It is. I implied it by stating:

The Quectel modem and SIM (verizon in this case) only works in QMI (AT+QCFG="usbnet",0) mode, if NO APN and NO MTU is configured.

If you don't configure those values, it works: The Quectel is properly reading the sim and pulling the necessary connection profile information from it. If I put in the Netgear OEM firmware, before, I was able to log into the first LBR20, as it had a prior owner and I did not yet reset/have the credentials, it connected. I don't know what Netgear is using in their firmware for talking with the modem

modemmanager

as you said, they may be using that. I know it's using the modem in QMI mode.

fyi the modem is using the absolutely latest firmware from somewhere around mid-2024, provided by quectel, which resolves some bugs related to modem stability and connectivity, that are present in firmwares on the Netgear site, their specific packaging of the A05 and A06 firmwares. The 'bug' that caused this thread to be opened, has persisted throughout. It has something to do, I suspect, with the way the QMI and MBIM are talking to the modem. While the bug is 99% likely to be in the quectel device firmware, I am wondering if there is some fix for either of those, as modemmanager is just a more sophisticated layer on top of either libmbim or libqmi.

Most people would stop there. Have you done the ping tests to see if there is any MTU issue?

Just to touch on this, again: I installed modemmanager and transferred over the plain qmippp interface to modemmanager, as per various people suggesting the same thing, including you, like it's some miracle fix for quectelgarbage. The same issues were present: modemmanager is correctly detecting the MTU (as 1428 instead of the default 1500), and the interface is crashing 2 minutes after being started. [which as I recall from trying plain MBIM and or changing the MTU on the QMI, is the same time-frame before a hard crash]. It works brilliant -for 2 minutes. Time to run a test-ipv6.com test, and bring up google.com, all in a flash, with ipv6 making no issues about large packets (because the MTU is being detected and set to 1428).

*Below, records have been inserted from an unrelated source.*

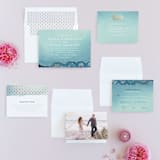 "Sea Crest" - Wedding Invitations in Turquoise by Kaydi Bishop - Invitation Suite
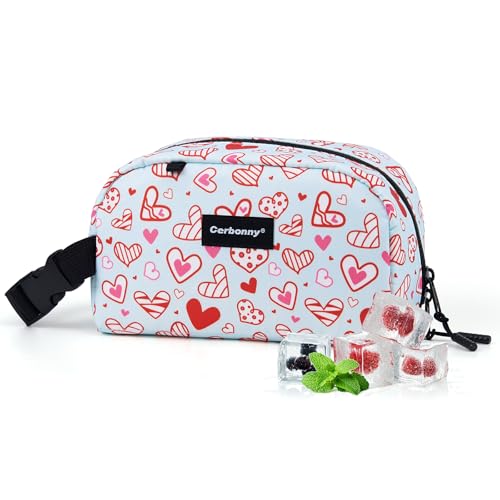 Cerbonny Small Cooler Bag, Freezable Snack Bag, Mini Cooler, Small Insulated Bag For Work,Travel, Picnic, Camping & Daily Use,Blue Heart - color: Blue Heart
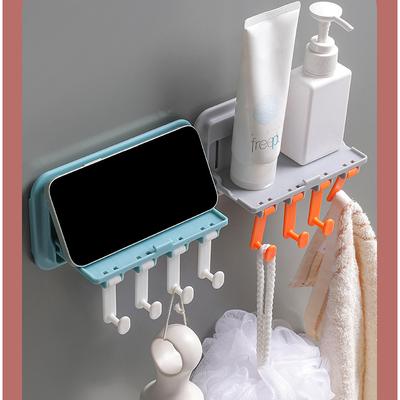 Bathroom Wall Hanging Rack Free Punching Household Multi-Function With Hook Wall Hanging Kitchen Storage Board Storage Rack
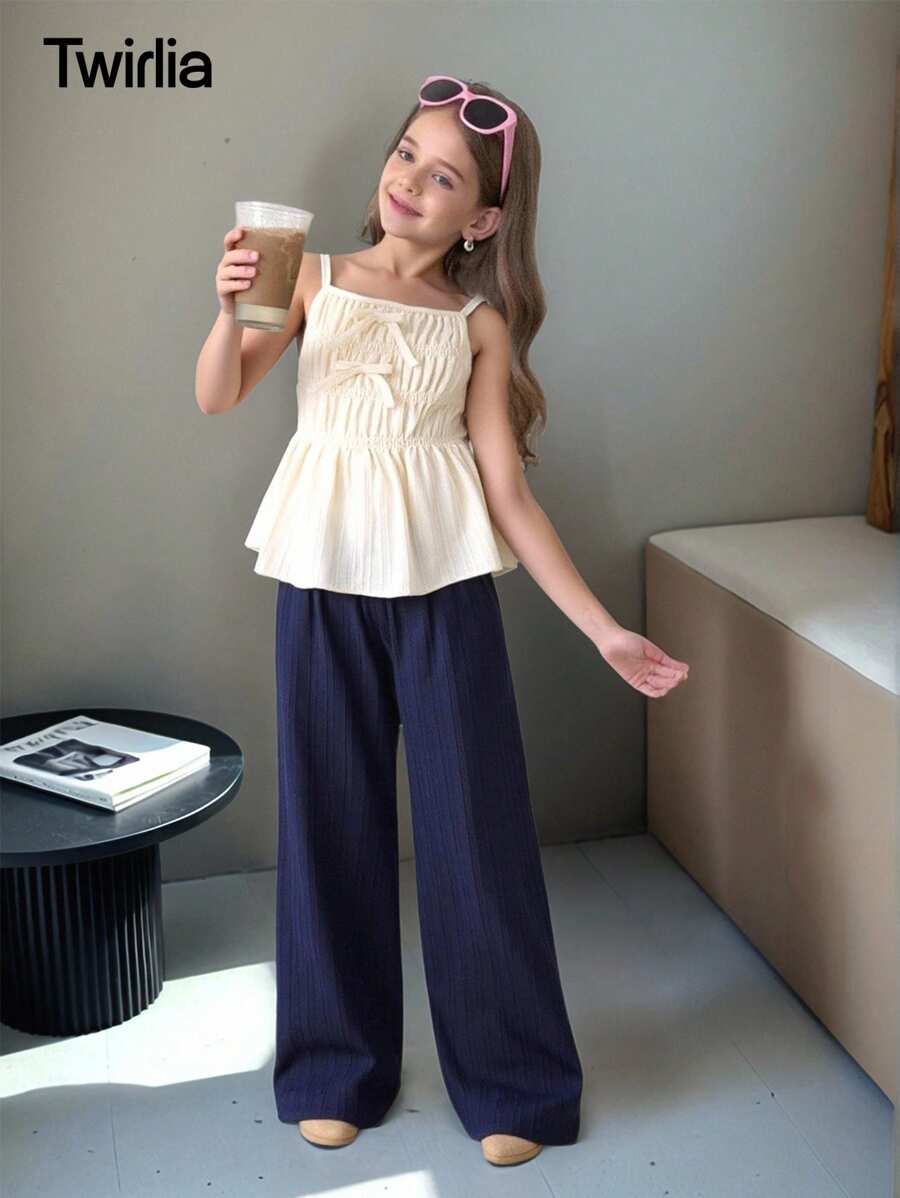 SHEIN 2 件套春夏青少年女孩休闲甜美可爱纹理褶皱宽松背心和阔腿裤套装，适合日常通勤、度假、休闲装 - 杏色 - 查看 1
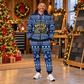 Roofer adult male lifestyle wearing navy Winter Snowflake full-zip hoodie and jogger combo with Custom Name and Custom Company Name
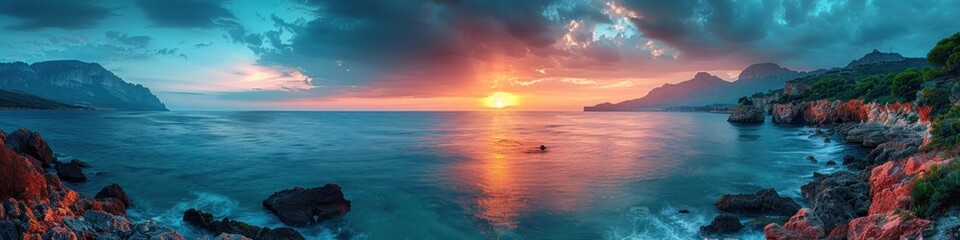Sunset Over the Mediterranean Sea with Rocky Coastline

After that time, the entire device requires a reboot to get the quectel modem working again. Simply restarting the qmippp gives Device Not Present errors. I.e. it is a locked-up piece of Quectelgarbage. Keep in mind as I stated earlier, this exact same behavior is seen on earlier EG18-NA firmwares, and on a completely different device, the GL-X750 with the EC06-AF modem, again, a garbage quectel device.)

I doubt the so-called 'engineers' at quectel will ever fix their crap, so I am wondering if there is a workaround to be done on openwrt.

most people

I don't care about herd mentality.

asks a question already addressed numerous times.

From the related thread on the GLiNet forums:

It does not matter if it's Openwrt v22 - v24, and it does not matter what revision of firmware is being used in the quectel devices. Only setting the MTU explicitly, or using a protocol (MBIM) that detects then sets the MTU, causes the modem to lock itself up.

I've spoken with systems adminstrators, one that managed over a thousand Quectel devices, and he confirmed they are buggy garbage, with numerous hardware and software issues. And that, the only way to work with them, is to work-around the known bugs which Quectel does not seem to have the interest or capability of solving. It seems they merely license the technology from Qualcomm, but have very little understanding of it themselves, and cut all kinds of corners when fabricating chips that result in the hardware glitches (which may be related to the software glitches).